*** Opening Exercise material ***

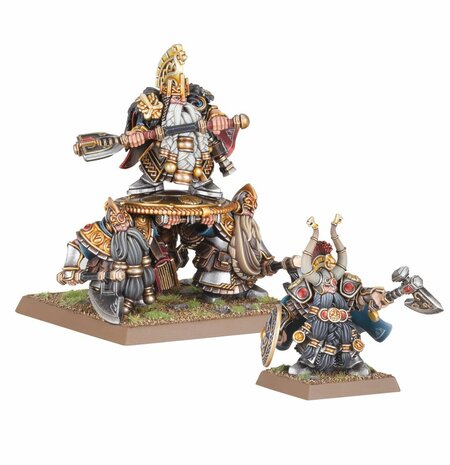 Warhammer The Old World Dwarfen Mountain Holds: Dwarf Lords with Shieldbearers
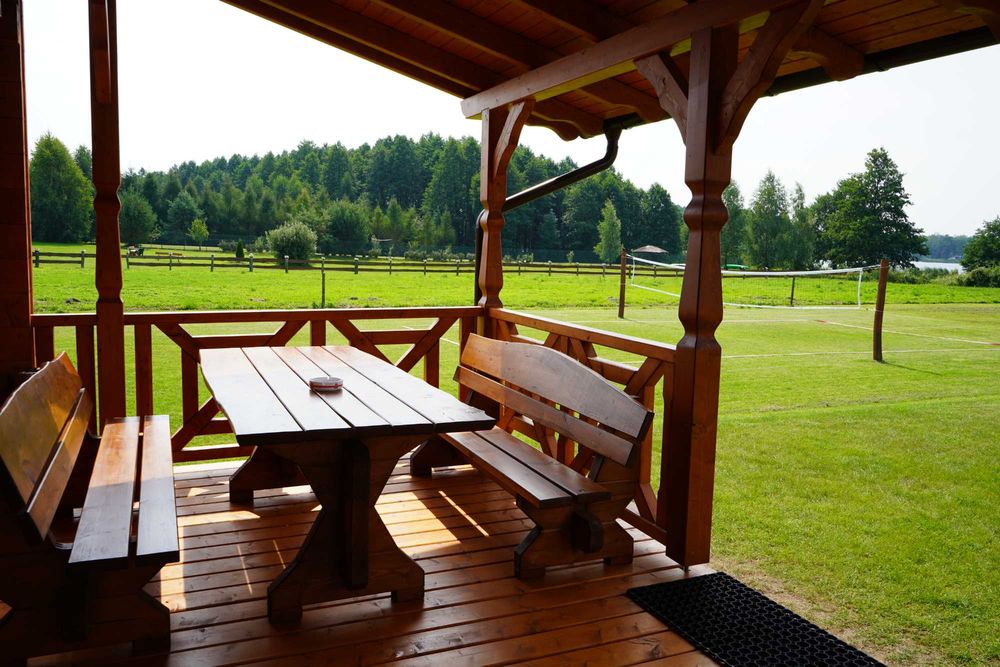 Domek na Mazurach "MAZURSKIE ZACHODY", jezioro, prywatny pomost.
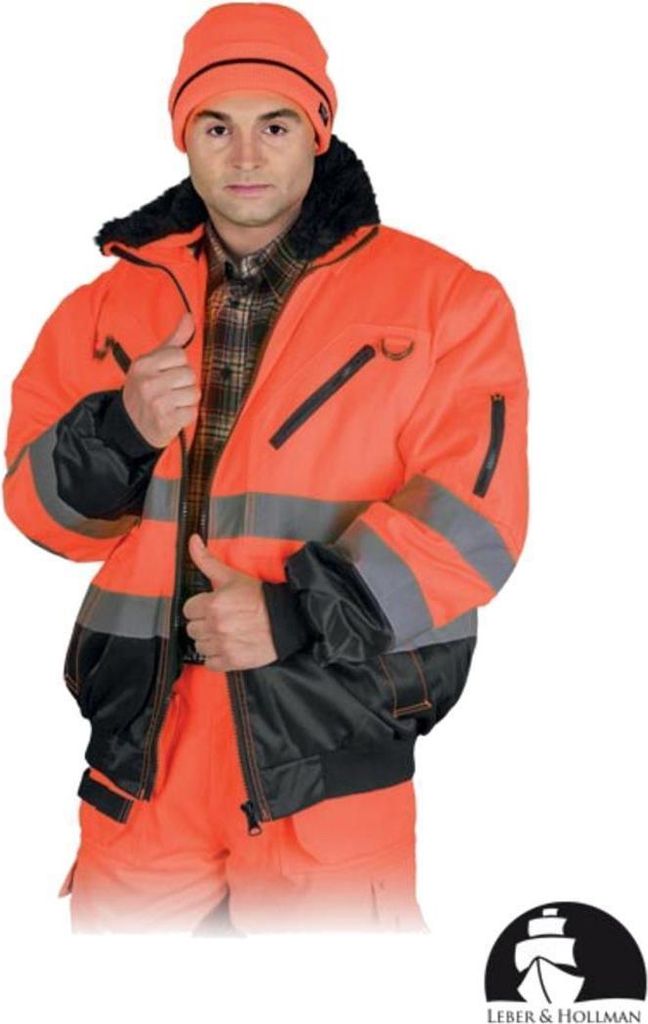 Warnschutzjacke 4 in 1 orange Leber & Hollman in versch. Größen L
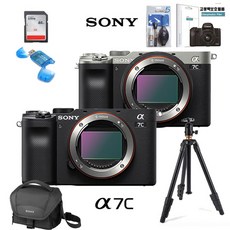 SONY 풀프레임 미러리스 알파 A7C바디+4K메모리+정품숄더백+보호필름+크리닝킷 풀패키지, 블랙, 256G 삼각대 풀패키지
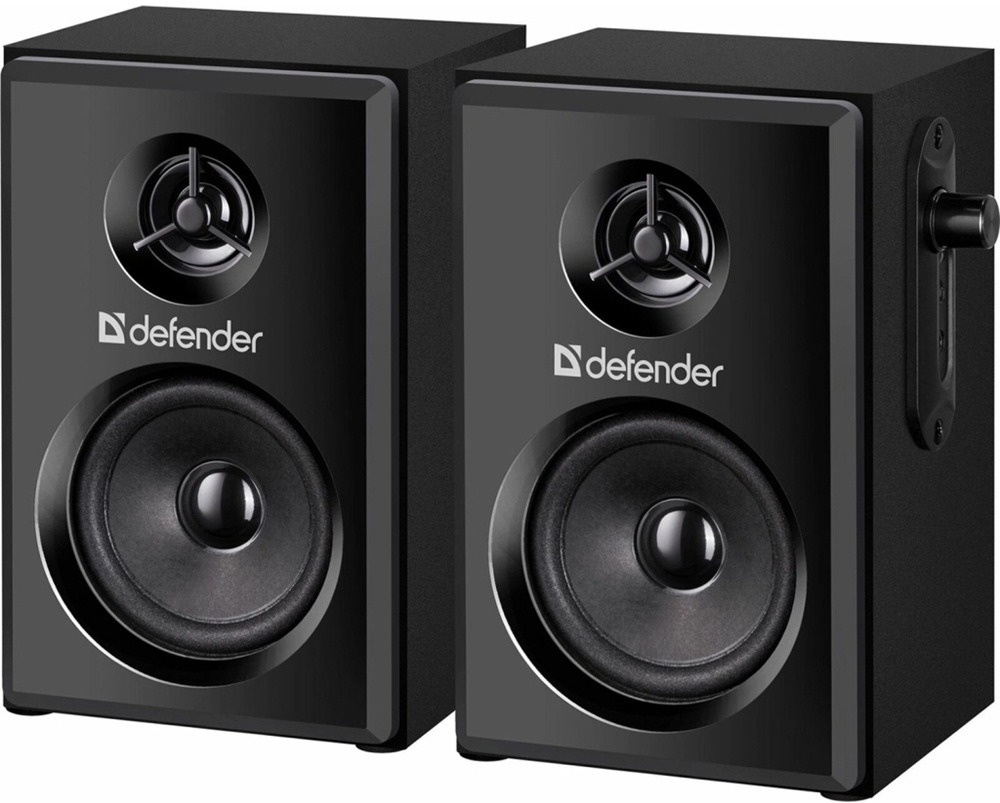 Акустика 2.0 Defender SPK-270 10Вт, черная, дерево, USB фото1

*** Closing Exercise material ***

_Description of the task_
The result should be a word-for-word restatement of all the data, without images.

_Exercise result_
 Warhammer The Old World Dwarfen Mountain Holds: Dwarf Lords with Shieldbearers
 Domek na Mazurach "MAZURSKIE ZACHODY", jezioro, prywatny pomost.
 Warnschutzjacke 4 in 1 orange Leber & Hollman in versch. Größen L
 SONY 풀프레임 미러리스 알파 A7C바디+4K메모리+정품숄더백+보호필름+크리닝킷 풀패키지, 블랙, 256G 삼각대 풀패키지
 Акустика 2.0 Defender SPK-270 10Вт, черная, дерево, USB фото1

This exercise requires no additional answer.